Information provided:
== == ==
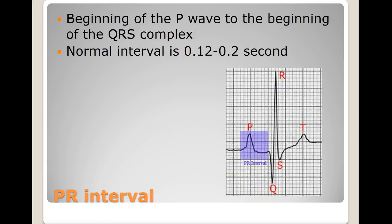Now let's look at the PR interval. The PR interval encompasses the contraction of the atrium and goes all the way to the beginning of ventricular depolarization. The beginning of the P wave to the beginning of the QRS — highlighted here in purple — is the PR interval, and it should be 0.12 to 0.20 seconds.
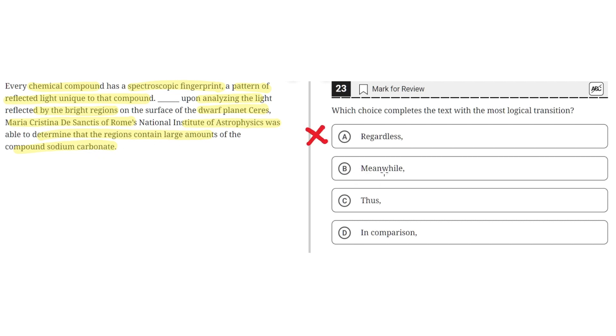B, meanwhile. This is incorrect because this implies that what was said in the second sentence occurs at the same time as what was said in the first sentence. But this is clearly not the case. So B is incorrect.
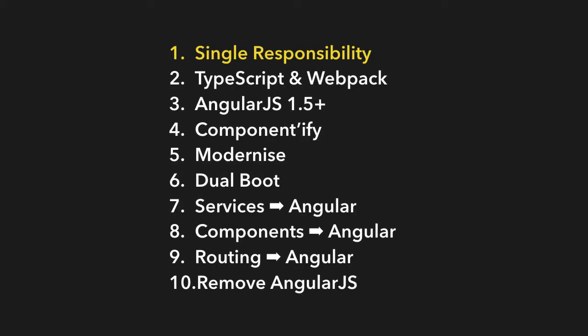In this lecture we're going to cover the plan that I recommend for how to migrate an AngularJS application over to Angular. It has ten steps.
== == ==
Exercise: Return the material above exactly; the images stay out.

Output below:
Now let's look at the PR interval. The PR interval encompasses the contraction of the atrium and goes all the way to the beginning of ventricular depolarization. The beginning of the P wave to the beginning of the QRS — highlighted here in purple — is the PR interval, and it should be 0.12 to 0.20 seconds.
B, meanwhile. This is incorrect because this implies that what was said in the second sentence occurs at the same time as what was said in the first sentence. But this is clearly not the case. So B is incorrect.
In this lecture we're going to cover the plan that I recommend for how to migrate an AngularJS application over to Angular. It has ten steps.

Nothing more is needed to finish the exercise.